Idaho Governor Brad Little submitted a petition to the U.S. Fish and Wildlife Service to remove grizzly bears in the “Lower 48” United States from the Endangered Species Act and recognize states’ successful efforts to recover and manage grizzly populations.
“Bureaucratic gridlock is keeping healthy grizzly populations on the threatened species list unnecessarily. When there’s no exit for healthy grizzly populations from the Endangered Species Act, it’s time to demand a reset,” Governor Brad Little said. “For decades, Idaho, our sister states, tribes, local governments – and especially our rural communities – have invested considerable resources in this effort, and they have shouldered much of the burden of rebuilding grizzly bear populations.”
Delisting is an important, and long overdue, recognition of these major roles Idaho and its neighboring states Montana, Wyoming and Washington have played in grizzly bear recovery by growing the population from a few hundred bears in 1975 to currently over 2,000 bears across four states. Grizzlies in the U.S. and Canada now number around 60,000 bears.
The U.S. Fish and Wildlife Service’s 1993 grizzly bear recovery plan for the Lower 48 outlined a phased strategy that allowed individual populations to be delisted from the Endangered Species Act as each met recovery goals while work continued on other populations. Grizzly bears in the Greater Yellowstone Area have met federal recovery criteria for two decades, since 2002.

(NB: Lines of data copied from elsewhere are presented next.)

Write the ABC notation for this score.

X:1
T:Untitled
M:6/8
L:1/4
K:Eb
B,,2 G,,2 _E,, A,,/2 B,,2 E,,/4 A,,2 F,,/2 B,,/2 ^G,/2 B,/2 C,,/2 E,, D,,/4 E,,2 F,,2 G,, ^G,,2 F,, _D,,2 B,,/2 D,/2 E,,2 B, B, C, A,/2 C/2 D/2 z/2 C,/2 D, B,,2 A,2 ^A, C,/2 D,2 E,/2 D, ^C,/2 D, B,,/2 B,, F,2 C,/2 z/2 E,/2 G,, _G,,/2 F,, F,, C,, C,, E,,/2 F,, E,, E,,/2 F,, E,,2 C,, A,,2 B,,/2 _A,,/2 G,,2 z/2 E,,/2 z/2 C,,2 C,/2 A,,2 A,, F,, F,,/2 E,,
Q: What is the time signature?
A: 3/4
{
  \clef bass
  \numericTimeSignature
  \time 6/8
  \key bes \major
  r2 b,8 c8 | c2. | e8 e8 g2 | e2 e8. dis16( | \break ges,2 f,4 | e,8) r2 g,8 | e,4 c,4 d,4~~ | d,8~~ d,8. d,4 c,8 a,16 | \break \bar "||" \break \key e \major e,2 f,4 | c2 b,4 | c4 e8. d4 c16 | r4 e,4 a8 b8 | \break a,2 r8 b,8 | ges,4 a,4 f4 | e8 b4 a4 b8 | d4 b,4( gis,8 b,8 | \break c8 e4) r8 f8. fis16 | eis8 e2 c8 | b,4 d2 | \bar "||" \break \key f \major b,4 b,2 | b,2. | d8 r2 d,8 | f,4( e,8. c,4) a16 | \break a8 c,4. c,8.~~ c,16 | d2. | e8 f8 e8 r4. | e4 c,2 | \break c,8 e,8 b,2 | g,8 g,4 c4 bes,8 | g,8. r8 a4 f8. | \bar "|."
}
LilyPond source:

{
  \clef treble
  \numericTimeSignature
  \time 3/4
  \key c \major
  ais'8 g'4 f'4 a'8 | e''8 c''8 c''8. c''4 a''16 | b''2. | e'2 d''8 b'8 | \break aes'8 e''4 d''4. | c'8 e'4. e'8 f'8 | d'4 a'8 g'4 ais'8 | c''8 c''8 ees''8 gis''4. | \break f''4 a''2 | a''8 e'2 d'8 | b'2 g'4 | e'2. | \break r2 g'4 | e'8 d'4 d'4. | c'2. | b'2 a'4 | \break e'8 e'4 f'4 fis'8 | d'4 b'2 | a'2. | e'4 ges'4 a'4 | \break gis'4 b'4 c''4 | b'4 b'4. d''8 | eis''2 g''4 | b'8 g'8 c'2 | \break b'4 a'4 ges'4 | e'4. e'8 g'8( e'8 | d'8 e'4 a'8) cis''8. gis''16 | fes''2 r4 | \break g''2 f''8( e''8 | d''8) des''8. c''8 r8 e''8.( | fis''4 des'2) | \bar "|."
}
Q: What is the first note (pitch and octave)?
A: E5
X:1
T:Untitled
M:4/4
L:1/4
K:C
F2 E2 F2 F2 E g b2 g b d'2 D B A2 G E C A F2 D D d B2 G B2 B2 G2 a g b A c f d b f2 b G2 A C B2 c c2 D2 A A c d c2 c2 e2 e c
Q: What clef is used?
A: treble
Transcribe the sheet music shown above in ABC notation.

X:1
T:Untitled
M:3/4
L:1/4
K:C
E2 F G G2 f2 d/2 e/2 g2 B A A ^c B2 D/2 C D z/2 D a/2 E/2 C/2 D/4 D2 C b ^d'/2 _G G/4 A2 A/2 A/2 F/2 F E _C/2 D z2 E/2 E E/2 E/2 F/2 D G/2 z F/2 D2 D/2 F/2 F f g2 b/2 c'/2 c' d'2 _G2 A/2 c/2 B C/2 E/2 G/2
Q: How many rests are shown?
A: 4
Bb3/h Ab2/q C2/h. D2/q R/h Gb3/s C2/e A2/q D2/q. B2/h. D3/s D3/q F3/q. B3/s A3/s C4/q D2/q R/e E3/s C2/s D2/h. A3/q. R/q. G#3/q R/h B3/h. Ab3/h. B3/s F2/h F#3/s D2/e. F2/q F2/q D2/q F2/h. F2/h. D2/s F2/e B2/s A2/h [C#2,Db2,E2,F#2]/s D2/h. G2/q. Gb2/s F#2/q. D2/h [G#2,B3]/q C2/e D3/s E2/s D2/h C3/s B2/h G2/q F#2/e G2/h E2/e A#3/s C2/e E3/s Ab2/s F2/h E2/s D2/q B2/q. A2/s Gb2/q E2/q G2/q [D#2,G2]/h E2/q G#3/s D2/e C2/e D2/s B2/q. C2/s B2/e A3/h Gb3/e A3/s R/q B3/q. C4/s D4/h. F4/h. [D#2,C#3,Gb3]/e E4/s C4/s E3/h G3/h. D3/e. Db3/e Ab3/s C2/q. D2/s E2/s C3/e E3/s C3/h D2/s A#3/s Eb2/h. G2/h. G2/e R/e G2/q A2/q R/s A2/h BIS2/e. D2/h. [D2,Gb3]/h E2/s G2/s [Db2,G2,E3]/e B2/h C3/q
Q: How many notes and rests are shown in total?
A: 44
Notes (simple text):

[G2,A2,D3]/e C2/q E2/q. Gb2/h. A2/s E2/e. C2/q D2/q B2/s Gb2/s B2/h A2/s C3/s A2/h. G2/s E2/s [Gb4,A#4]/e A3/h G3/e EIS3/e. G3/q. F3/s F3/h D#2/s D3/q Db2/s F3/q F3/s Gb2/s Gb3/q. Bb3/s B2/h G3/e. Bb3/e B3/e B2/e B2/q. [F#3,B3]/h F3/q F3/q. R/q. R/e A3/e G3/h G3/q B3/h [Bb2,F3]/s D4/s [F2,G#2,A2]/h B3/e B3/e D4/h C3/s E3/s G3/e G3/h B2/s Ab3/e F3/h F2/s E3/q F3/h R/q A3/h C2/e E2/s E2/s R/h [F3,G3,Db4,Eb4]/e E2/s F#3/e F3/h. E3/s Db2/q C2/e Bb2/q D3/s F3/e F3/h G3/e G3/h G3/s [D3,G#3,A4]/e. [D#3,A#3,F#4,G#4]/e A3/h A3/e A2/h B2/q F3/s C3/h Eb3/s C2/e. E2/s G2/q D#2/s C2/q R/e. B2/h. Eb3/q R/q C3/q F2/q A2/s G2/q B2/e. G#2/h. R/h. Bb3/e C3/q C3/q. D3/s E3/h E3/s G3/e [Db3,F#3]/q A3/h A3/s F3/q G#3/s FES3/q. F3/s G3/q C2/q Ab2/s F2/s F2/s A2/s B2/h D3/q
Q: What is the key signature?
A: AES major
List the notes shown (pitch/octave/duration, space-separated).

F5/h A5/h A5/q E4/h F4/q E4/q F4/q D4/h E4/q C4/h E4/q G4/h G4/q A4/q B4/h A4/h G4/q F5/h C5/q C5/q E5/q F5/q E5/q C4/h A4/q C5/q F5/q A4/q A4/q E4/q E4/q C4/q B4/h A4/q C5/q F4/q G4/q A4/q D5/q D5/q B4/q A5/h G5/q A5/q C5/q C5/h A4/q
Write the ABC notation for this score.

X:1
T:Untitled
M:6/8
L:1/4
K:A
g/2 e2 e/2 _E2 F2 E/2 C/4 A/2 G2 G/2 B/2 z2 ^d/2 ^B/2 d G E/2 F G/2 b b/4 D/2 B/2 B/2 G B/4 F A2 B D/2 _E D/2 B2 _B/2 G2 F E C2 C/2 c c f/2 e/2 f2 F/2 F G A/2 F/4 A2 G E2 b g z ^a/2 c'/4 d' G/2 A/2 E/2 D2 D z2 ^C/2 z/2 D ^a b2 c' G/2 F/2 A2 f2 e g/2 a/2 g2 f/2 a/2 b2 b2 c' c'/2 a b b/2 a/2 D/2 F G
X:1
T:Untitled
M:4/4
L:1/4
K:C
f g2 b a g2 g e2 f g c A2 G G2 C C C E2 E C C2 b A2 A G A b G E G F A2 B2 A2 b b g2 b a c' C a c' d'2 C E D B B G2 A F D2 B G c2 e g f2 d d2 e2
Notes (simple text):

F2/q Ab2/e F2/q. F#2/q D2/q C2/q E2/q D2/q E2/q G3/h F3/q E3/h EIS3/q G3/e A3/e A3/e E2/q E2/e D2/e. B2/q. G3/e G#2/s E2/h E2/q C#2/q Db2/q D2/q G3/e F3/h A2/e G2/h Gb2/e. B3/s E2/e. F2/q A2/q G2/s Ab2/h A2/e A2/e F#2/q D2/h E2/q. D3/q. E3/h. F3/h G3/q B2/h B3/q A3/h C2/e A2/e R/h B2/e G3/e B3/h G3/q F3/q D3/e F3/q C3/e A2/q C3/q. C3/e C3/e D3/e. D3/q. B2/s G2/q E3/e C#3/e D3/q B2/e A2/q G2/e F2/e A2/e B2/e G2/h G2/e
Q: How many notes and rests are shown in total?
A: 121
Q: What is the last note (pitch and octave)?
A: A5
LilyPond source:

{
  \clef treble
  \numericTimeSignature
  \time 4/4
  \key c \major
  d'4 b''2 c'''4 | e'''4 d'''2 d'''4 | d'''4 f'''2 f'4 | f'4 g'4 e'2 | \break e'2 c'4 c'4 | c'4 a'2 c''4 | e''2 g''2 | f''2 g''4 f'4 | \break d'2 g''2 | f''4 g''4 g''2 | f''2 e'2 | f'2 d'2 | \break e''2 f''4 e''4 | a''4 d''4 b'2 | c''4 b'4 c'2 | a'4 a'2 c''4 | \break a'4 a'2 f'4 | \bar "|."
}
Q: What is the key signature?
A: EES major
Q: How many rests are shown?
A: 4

However, a combination of court cases and federal administrative changes to delisting procedures have tied the process in knots and have continued to move the delisting goal line. Recent court decisions have led Idaho to conclude that how the bears were listed nationwide back in 1975 is now standing in the way of sensible conservation and delisting.
“We have repeatedly shown through this process we can reach a goal line, but a flawed delisting process fails to recognize our successes,” Fish and Game Director Ed Schriever said.
Idahoans have repeatedly made sacrifices in their efforts to boost grizzly populations and shouldered the challenges of living among bears. These burdens include considerable investment of time and resources in a wide array of conservation measures, as well as restrictions on our outdoor livelihoods, rural living, recreation, and the risk of injury that comes with living with bears.